Si nous considérons un projet tel celui du Nouveau partenariat
pour le développement de l’Afrique (Nepad), qu’est-ce
qui se donne à constater ? Dans le jeu à plusieurs que
les initiateurs du Nepad ont voulu organiser, on ne peut pas dire qu’il
y ait convergence de projets, confiance réciproque, ni, a fortiori,
acceptation des règles communes du jeu. En Octobre 2001, des dirigeants
politiques africains ont lancé un appel à tous les peuples
du continent pour qu’ils prennent conscience de la gravité de
la situation et de la nécessité de se mobiliser pour mettre
un terme à la marginalisation continue de l’Afrique et à l’accroissement
du fossé qui les sépare du monde développé.
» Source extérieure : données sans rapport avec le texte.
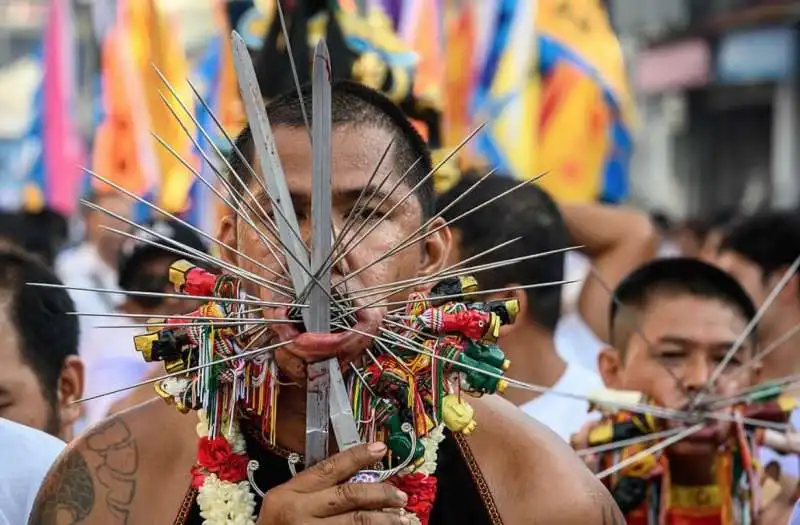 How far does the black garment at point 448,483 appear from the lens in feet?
9.07

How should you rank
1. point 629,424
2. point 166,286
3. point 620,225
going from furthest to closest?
1. point 620,225
2. point 166,286
3. point 629,424

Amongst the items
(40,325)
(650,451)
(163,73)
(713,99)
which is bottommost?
(650,451)

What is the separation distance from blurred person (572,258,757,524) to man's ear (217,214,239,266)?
57.5 inches

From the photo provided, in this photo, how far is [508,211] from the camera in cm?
505

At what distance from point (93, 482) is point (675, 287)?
7.38ft

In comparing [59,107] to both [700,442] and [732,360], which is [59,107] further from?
[700,442]

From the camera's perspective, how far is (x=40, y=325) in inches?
157

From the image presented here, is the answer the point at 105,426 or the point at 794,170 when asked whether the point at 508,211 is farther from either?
the point at 794,170

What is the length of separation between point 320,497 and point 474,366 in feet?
1.05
Il n’est pas sûr que les partenaires recherchés qui
sont les membres du G7 prennent cette préoccupation à leur
compte, (donc absence de convergence de projets). En second lieu et en
ce qui concerne la confiance et la transparence, lorsque les Africains
s’engagent à réaliser les préalables que sont
la paix et la sécurisation des investissements, la bonne gouvernance
et la démocratie par exemple, il y a lieu de se demander s’ils
peuvent présenter une crédibilité sans soupçon
aux partenaires qu’ils sollicitent ! L’état d’esprit
caractéristique de la logique partenariale n’est pas au
rendez-vous. Tout comme n’est pas au rendez-vous l’élimination
des conflits en vue de la sécurisation des capitaux, les Africains
eux-mêmes continuant à nourrir des soupçons à l’endroit
des membres du groupe des grandes puissances réputées fomenter
et entretenir des conflits armés sur le continent, pour l’intérêt
de la vente des armements.
Une deuxième remarque s’impose encore : tout comme trouvé dans
les interventions de certains délégués à l’Onu,
les propositions des Africains du Nepad sont majoritairement des demandes
adressées aux autres et reposant hypothétiquement sur leur
bonne volonté : demande d’une augmentation de l’aide
publique au développement, demande des apports plus importants
de capitaux privés, demande d’accès aux marchés
financiers, demande d’allègement de la dette. En contrepartie
les engagements annoncés par les Africains se présentent
comme des conditionnalités qu’ils s’imposent à eux-mêmes
et qui ne peuvent inspirer que doute et que scepticisme à leurs
interlocuteurs, membres du G7.
Il apparaît à l’évidence que l’organisation
de la solidarité sous la forme partenariale sera toujours illusoire
entre les grandes puissances et les petites nations, les puissants et
les faibles, c'est-à-dire entre des groupes dissemblables. Il
apparaît difficile d’instaurer la confiance et la transparence
au niveau des règles du jeu spécifiques que chaque relation
partenariale est supposée se donner. Et, au vu du nombre des demandes
adressées au G7, on a l’impression qu’il s’agit
d’un retour à la politique de l’assistance et de l’aide
que le Nepad a voulu opérer. Le fossé qui sépare
les Africains du Nepad et les membres du groupe des 7 est tel qu’ils
ne peuvent pas entrer dans une relation partenariale authentique, car
la convergence des projets, la confiance et la transparence ne peuvent
y être réalisées.
Une logique de solidarité à repenser
Il me semble que jusqu’ici la solidarité internationale
ne s’est exprimée que sous les formes dont je viens de parler
rapidement : l’aide publique au développement, les partenariats
divers et la coopération. Ce que je viens de dire du partenariat
et notamment du Nepad, est ce que je redirais de toutes ces formes de
solidarité et en particulier de la coopération, telle qu’elle
a fonctionnée et fonctionne encore sous nos yeux. . Je veux dire
qu’il s’agit d’une forme de relation de solidarité foncièrement
inégalitaire et hiérarchique. Une solidarité offerte
et non négociée. En toute objectivité, le fossé qui
sépare les pays en développement des pays développés
est tel qu’il ne peut pas exister entre eux une authentique relation
de coopération ou de partenariat qui suppose des éléments
de réciprocité librement négociés et non
imposés aux plus faibles par les plus forts.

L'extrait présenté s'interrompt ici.